### EXERCISE GOAL
Should the entries contain pictures, leave them out and return exactly the lines from the first through the line holding "Welcome to Data".

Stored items
==*==

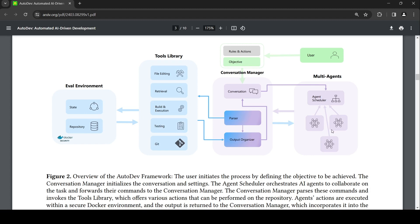These agents could be large language models like GPT-4 or specialized small language models which can do very specific tasks. The agent scheduler orchestrates the agents to collaborate on a task and forwards their command to the conversation manager. There is a parser which parses these commands, and it has access to a tools library with various tools for file editing, retrieval, build and execution, testing, and git.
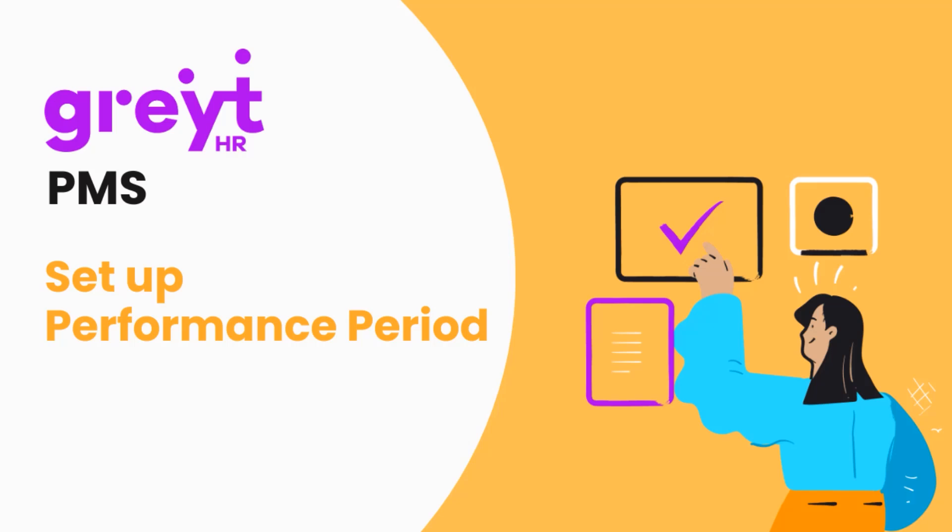Hello, welcome to Great HR. In this video, we'll walk you through the first step of getting started with the Great HR Performance Management System, creating a performance period.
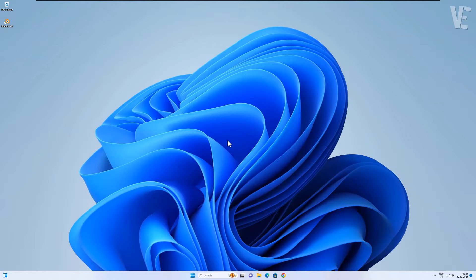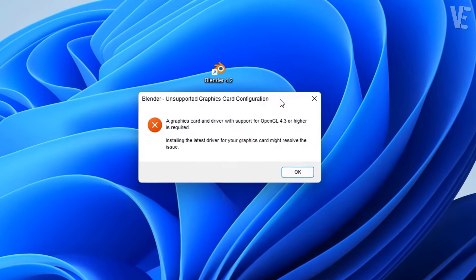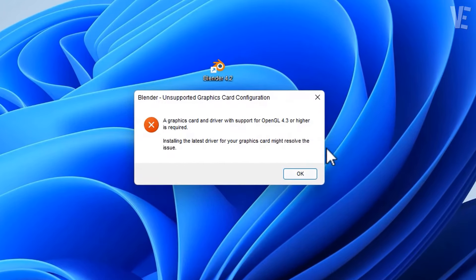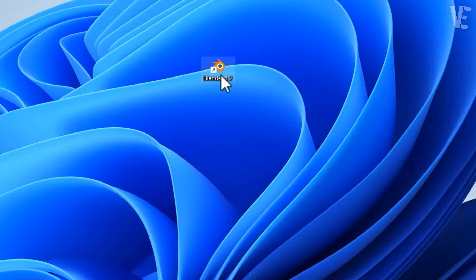Hi everyone and welcome to our channel Victor Explains. In today's video, we will look at how to fix a graphics card and driver with support for OpenGL 4.3 or higher is required error while opening the Blender program in Windows 11 and 10.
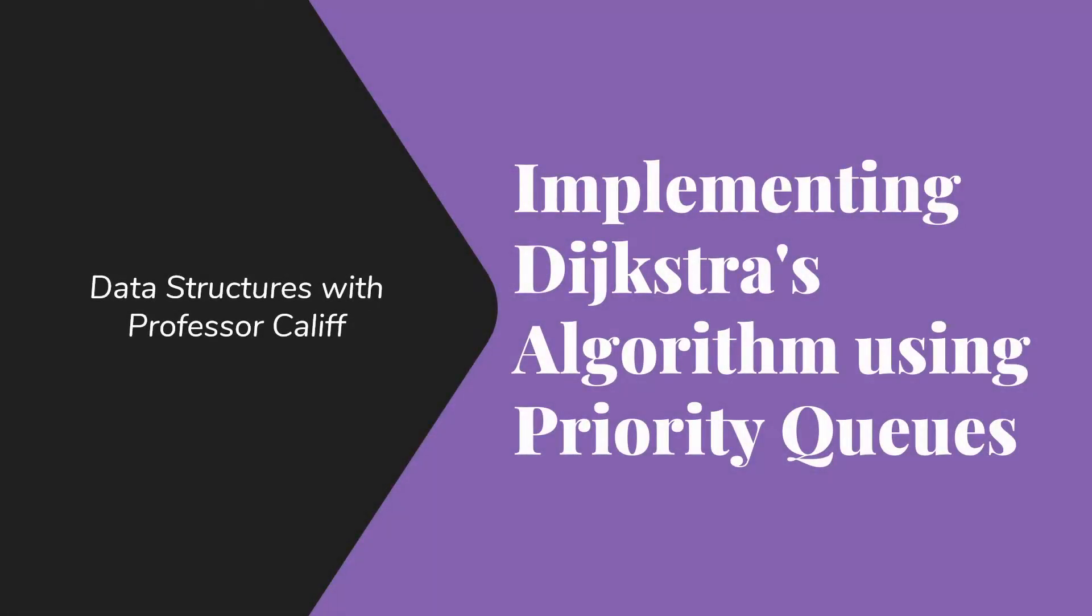Welcome to Data Structures with Professor Caleb. Today I'd like to talk to you about implementing Dijkstra's algorithm using priority queues for efficiency.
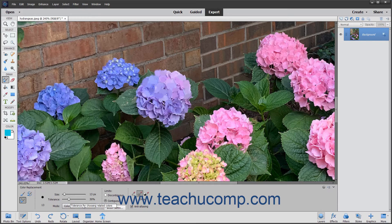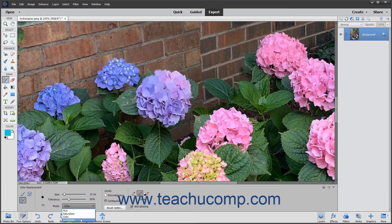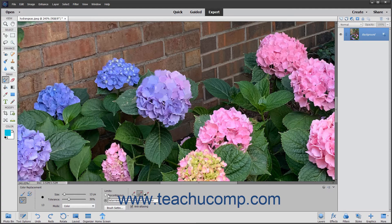Select a blending mode using the dropdown: Color, Hue, Saturation, or Luminosity. Set the limits to either Discontiguous, which will replace the sampled color wherever it appears under the pointer, or Contiguous, which replaces colors that are adjacent to the color under the pointer.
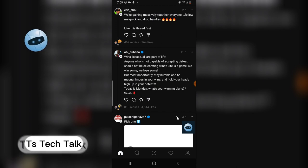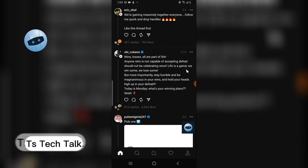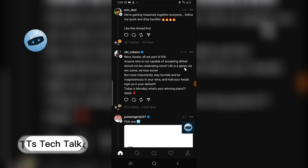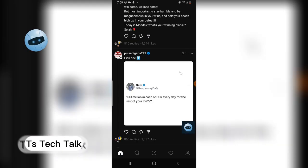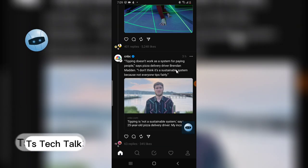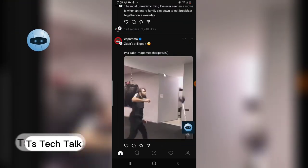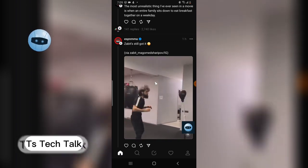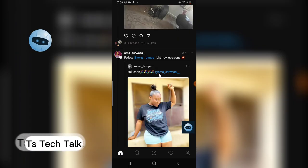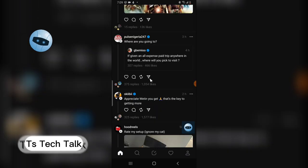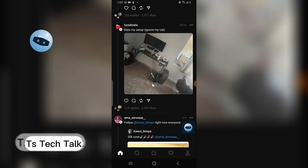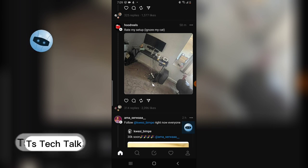Another question is: can I share GIFs on Threads? Yes, you can share GIFs on Threads — most people are already sharing videos and GIFs. However, you cannot share every GIF, unlike Instagram. There are some GIFs you'll be able to share and some that you will not be able to share.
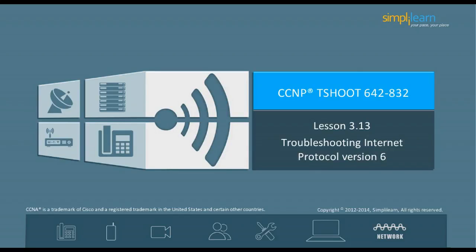Hello and welcome to the CCNP Routing and Switching course offered by SimpliLearn. The previous lesson focused on troubleshooting voice and video. In this lesson, we will focus on troubleshooting Internet Protocol version 6. Let us begin with the objectives of this lesson in the next slide.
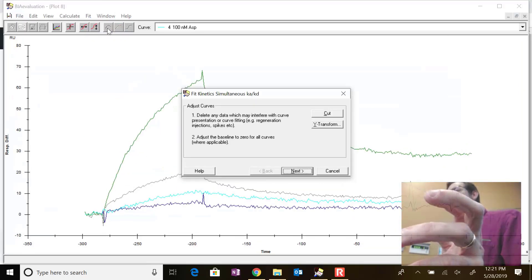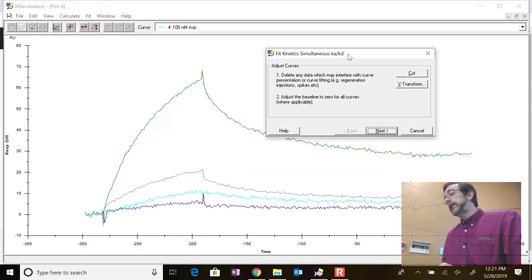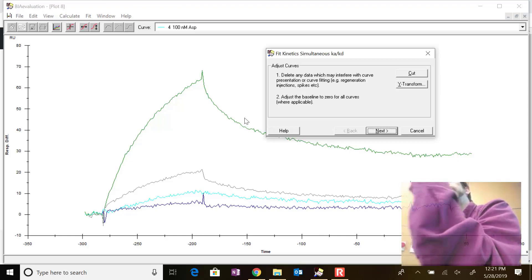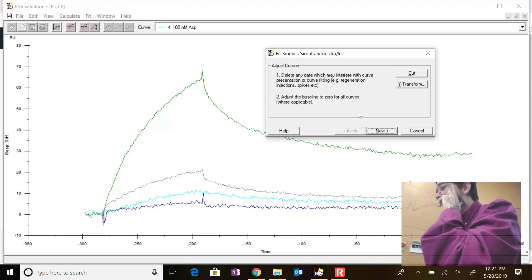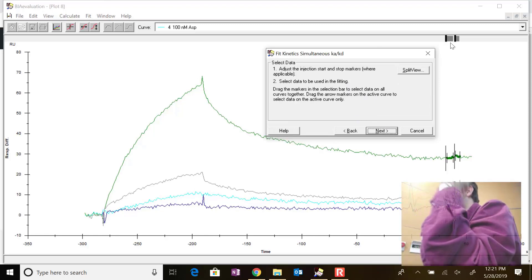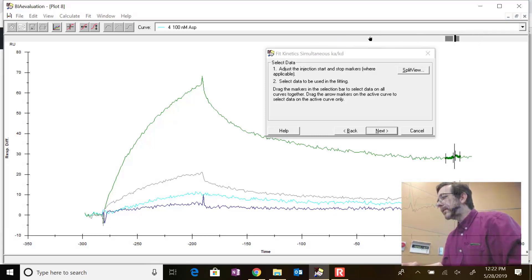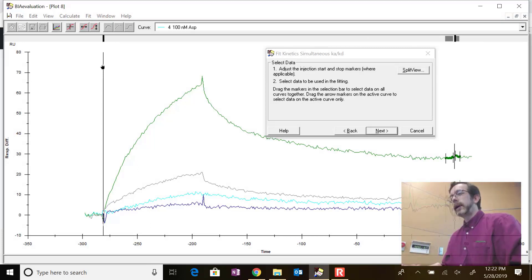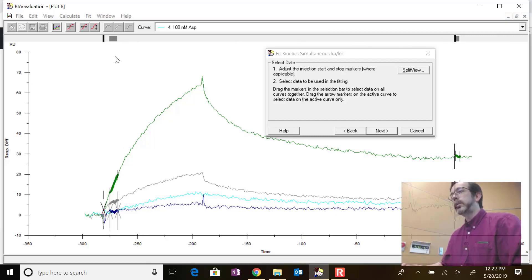Let's see how this looks when we fit the kinetics. Click the fit kinetics button - the shark fin button - fit kinetics simultaneous ka and kd. You're fitting all the concentrations at once, trying to find parameters for ka and kd that will fit the entire shape of all these curves. You're looking at eight regions - two regions per concentration. It says to get your data ready, which you've already done, so click next. Here you select the beginning and end of each reaction. It tries to guess for you but does a really terrible job.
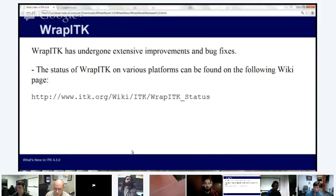DCM2K is exciting and hopefully we'll keep moving forward with that. It's disabled by default, but we are considering turning it on by default in the git master so that we can keep improving it.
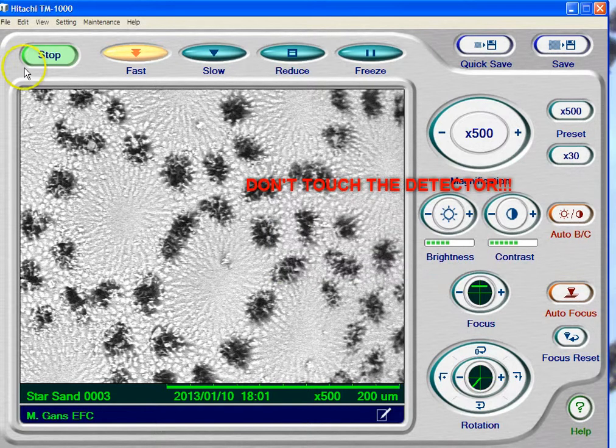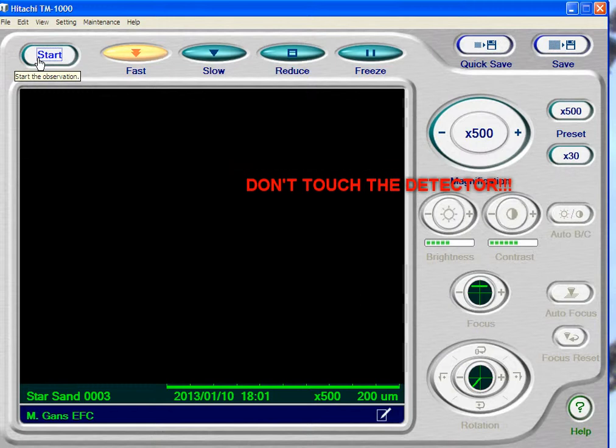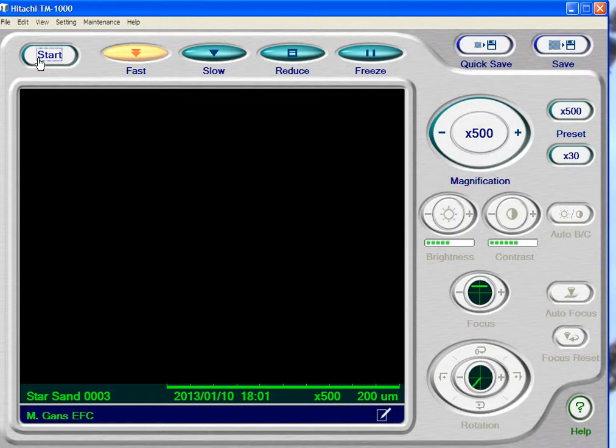I'm going to put Cancel here, then hit Stop. Once you get a black screen, then you're ready to take your specimen out. Okay, that's it for the TM-1000.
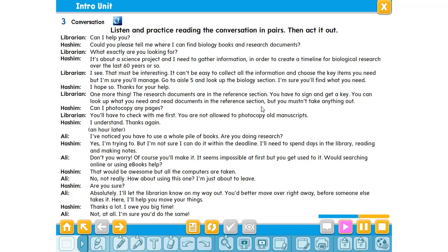'I've noticed you have a whole pile of books. Are you doing research?' 'Yes, I'm trying to, but I'm not sure I can do it within the deadline. I'll need to spend days in the library reading and making notes.' 'Don't you worry — of course you'll make it. It seems impossible at first but you get used to it.' 'Would searching online or using ebooks help?' 'That would be awesome, but all the computers are taken.' 'How about using this one? I'm just about to leave.' 'Are you sure?' 'Absolutely. I'll let the librarian know on my way out.'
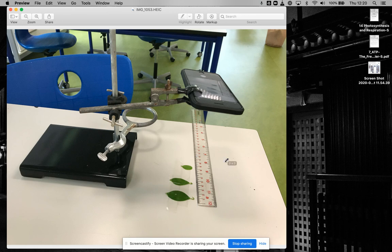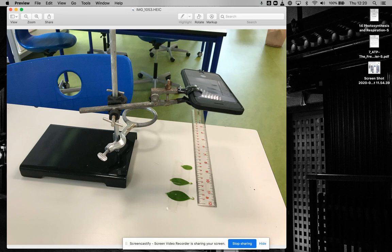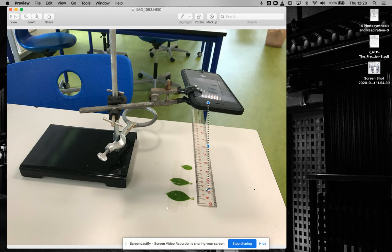Crucially, you have a ruler here, and I'll show you why that's important later. As long as you have this setup and you don't adjust the stand or the distance the camera is away, you can use this setup to collect all your data.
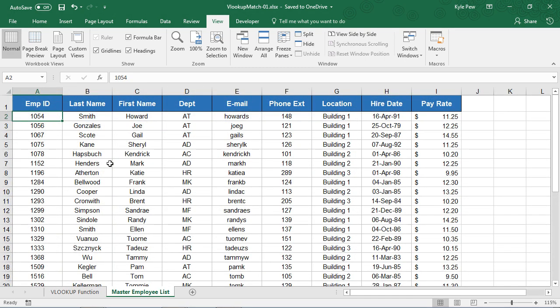So if I look over here, I can see employee number 1054, last name of Smith, first name of Howard, works in the AT department, and has a pay rate of $11.25.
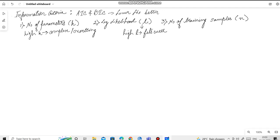Let us look into AIC now. The working formula for AIC is 2k minus 2L.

==*==

### YOUR RESPONSE
These agents could be large language models like GPT-4 or specialized small language models which can do very specific tasks. The agent scheduler orchestrates the agents to collaborate on a task and forwards their command to the conversation manager. There is a parser which parses these commands, and it has access to a tools library with various tools for file editing, retrieval, build and execution, testing, and git.
Hello, welcome to Great HR. In this video, we'll walk you through the first step of getting started with the Great HR Performance Management System, creating a performance period.
Hi everyone and welcome to our channel Victor Explains. In today's video, we will look at how to fix a graphics card and driver with support for OpenGL 4.3 or higher is required error while opening the Blender program in Windows 11 and 10.
Welcome to Data Structures with Professor Caleb. Today I'd like to talk to you about implementing Dijkstra's algorithm using priority queues for efficiency.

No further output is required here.